Boreray from the cliffs of Hirta
Bonxie spreads his wings
As I near the crest of the ridge, however, I am aware of another avian presence: a bonxie, or great skua. Anyone who has ever roamed the moorlands of the northern or western isles will know to be wary of this aggressive aerial thug. Unlike many other birds that will dive-bomb you but pull out before impact, the bonxie just keeps going and hits you as hard as he can. I’ve been thus attacked in Shetland and the Faroe Islands, but this bonxie lets me approach reasonably close, probably because he is yet to mate and has no nest to protect. Indeed, he is soon on his way, conducting an impressive aerobatic display with a female.

At the skyline the land plunges sheer to the sea, amid a huge company of gannets, squawking and squirling, their yellow heads glinting in the sunshine.
From here, you can stick close to the cliff edge and head for the summits of Connachair and Mullach Mor, each graced by white radomes, connected to the military base by a steep road.

I gaze down on the panorama of Village Bay, at the heart of the remains of the volcanic caldera that loosely enclosed its glinting turquoise lagoon.

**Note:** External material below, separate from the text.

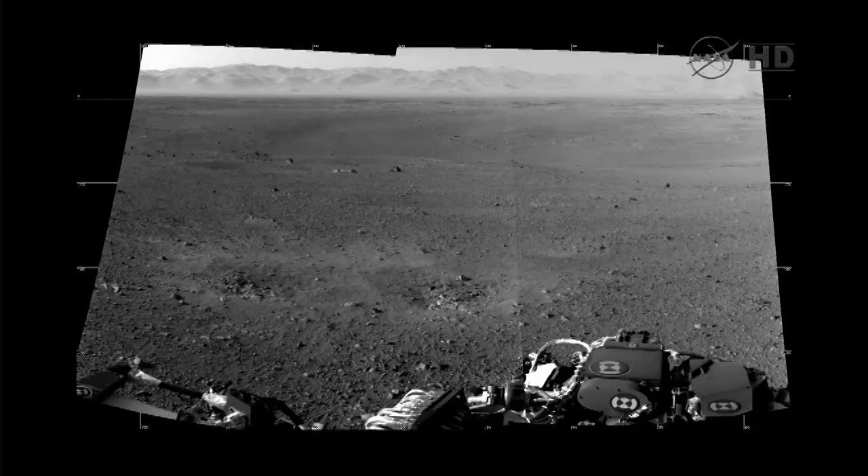If we can go ahead to the next one, you'll see the same image that Justin was just talking about. We are looking to the north, and so that's the rim of Gale Crater — the part of the rim that is lowest in elevation, facing the northern lowlands of Mars.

Beneath such a sun it might just be Santorini – though minus the overpriced hotels.

Village Bay from the ridge: it could almost be Santorini!
I choose a more direct route towards the mountains, taking me past several lines of cleits, the stone storage huts found only on St Kilda. I have been aware of these structures, which were to the St Kildans as wooden slatted meat-drying sheds are to the people of the Faroe Islands. But I have never expected to see so many: they run in lines from Village Bay in every direction, right to the very mountain tops, more than 1,000 feet above the village. More than 1,200 of them have been counted. It adds a whole new meaning to the idea of popping to get food from the larder: it could have been an all-day expedition.

I stumble across the remains of a Soay sheep, the ancient breed unique to the islands, and make a note of his ear tag number. Arriving back in the village I chance to meet a woman who seems weighed down by camera, lenses and binoculars. It transpires I am in the company of no less than Jill Pilkington MBE, head of the Soay Sheep Project, which is a long-term study of the little wild sheep, in part to gain a better understanding of their modern domesticised descendants.
Soay sheep and cleits
Jill is a parasologist, who is not, as she quickly corrects me, someone who studies umbrellas, but rather someone who studies parasites. In her case, sheep parasites. I share with her the number and location of the corpse I found and, indeed, a second one closer to Village Bay, and wonder why they might have died.
Jill Pilkington MBE: what she doesn't know about these sheep isn't worth knowing
“He was one of the frisky young bucks,” she tells me, explaining how these ambitious opportunists would seize their moment to “seduce” yews behind the backs of the herd’s four dominant males. But passing on his genes has come at a price as he was too exhausted to survive the harsh Spring, waiting for the new grass to come. “He would have died happy, though!” she adds.

Jill is the nearest St Kilda has to a permanent resident and has been studying her flock for 27 years. Her “second home” is in Hexham, Northumberland, where she has, she says, a husband. I reflect that hers must be an unusual kind of marriage.

“Yes,” she muses. “If I’ve been on home leave for six weeks, my husband starts to ask ‘When are you going back to that island of yours?’.”

I wander back along the empty street of broken crofts and admire the neatly renovated half dozen that are home to Jill and her colleagues. I buy and post home sepia postcards of the villagers to remind myself that I have, indeed, made this voyage to the very edge of Britain.